Though Mary Mary only has four previous albums to their credit, they still operate like seasoned veterans—calling the shots, pushing themselves creatively, and experimenting with styles that aren't the norm even in secular music. And the duo also owes much to longtime producer Warryn Campbell for it. In more ways than one, he's the duo's invisible third member—without him, the ladies would just be sisters Erica and Tina Campbell.

The Sound finds the Campbells continuing to set the bar ridiculously high. Even the disc's title could seem a bit pretentious, as if somehow the sisters wanted to make a statement on the very state of music in 2008. That's actually not too big a stretch: The Sound is the most progressive urban disc to come out of Christian and gospel music in 2008, and possibly even mainstream music.

It's unclear how they do it, but look no further than the title track for a wild and jaw-dropping Technicolor ride that would sound more at home on an Austin Powers film soundtrack than on an urban gospel disc. Yet the quirkiness works, setting the tone for the disc faster than you can say, "Yeah, baby!"

Just when you think Mary Mary couldn't possibly hit you over the head any harder, they knock you unconscious with first single "Get Up," a top-to-bottom club banger with ethereal verses, dizzying horns, and an empowering message about not conforming to the status quo. The song is so rhythmic it's currently on the rise on Billboard's dance charts, on top of its gospel and urban runs.

The first half is almost exclusively skewed to the urban contingent that Mary Mary has consistently catered to. Perhaps the most genuinely urban track on The Sound is the collaboration with Kierra "KiKi" Sheard, a mid-tempo jam with a head-nodding beat and an insistent hook that could get stuck on your head for days.

Even when the sisters slow it down a little bit, they refuse to play it safe. In the more vertical stretch of The Sound, songs like "I'm Runnin'" and "Forgiven" take advantage of Mary Mary's predilection for '70s R&B, featuring swirling strings, soft horns, and warm drum cadences that recall Motown's heyday. Later, "Seattle" and "I Worship You" flow right into each other for a seamless worship session—the former a prayer that asks the Holy Spirit to fall like rain on America's Emerald City, the latter a simple song of adoration.

To an extent, there's a certain youngness to a couple of the songs that somehow belies Mary Mary's ear for style and innovation. The crunk anthem "Superfriend" is the worst offender, with its blaring fake horns, plodding cadence, and an unimpressive cameo from Southern emcee David Banner. Then there's the happy-go-lucky "Boom," a sunny number that sounds like a b-side to the sisters' much superior 2005 single "Heaven."

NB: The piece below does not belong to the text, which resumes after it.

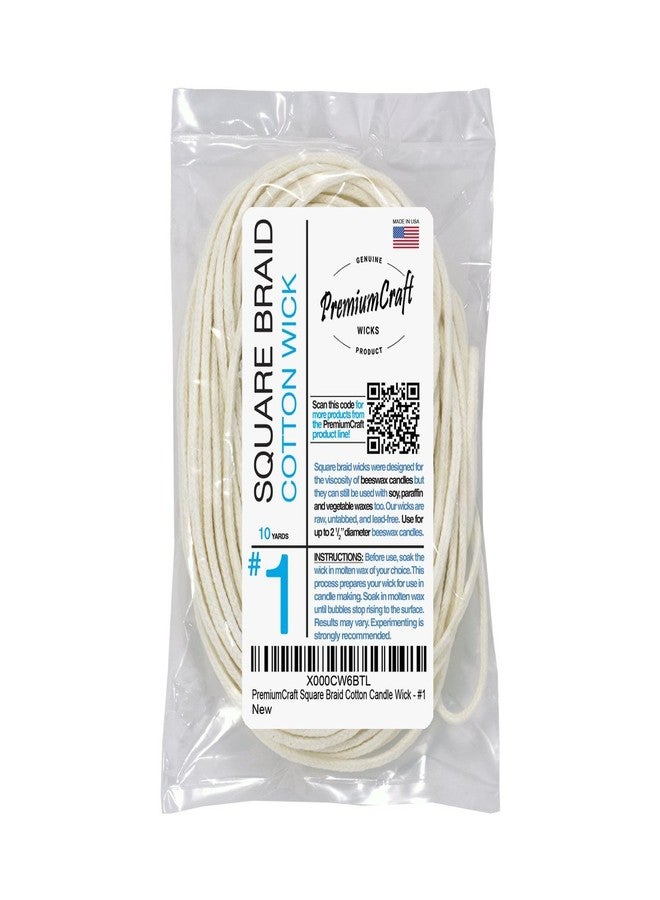PremiumCraft Square Braid Cotton Candle Wick - #1 - Image 1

Outside those two tracks The Sound is an undisputed triumph. Some may be disappointed that the gospel music quotient is kept at bay in favor of more modern sounds, but that's always been Mary Mary's core approach. If anything, The Sound amplifies their potential for reaching beyond stylistic boundaries, deepening the creative well from which they draw, and setting a new standard of excellence in urban and gospel music. Mary Mary knows how to do it right. Newcomers, take copious notes.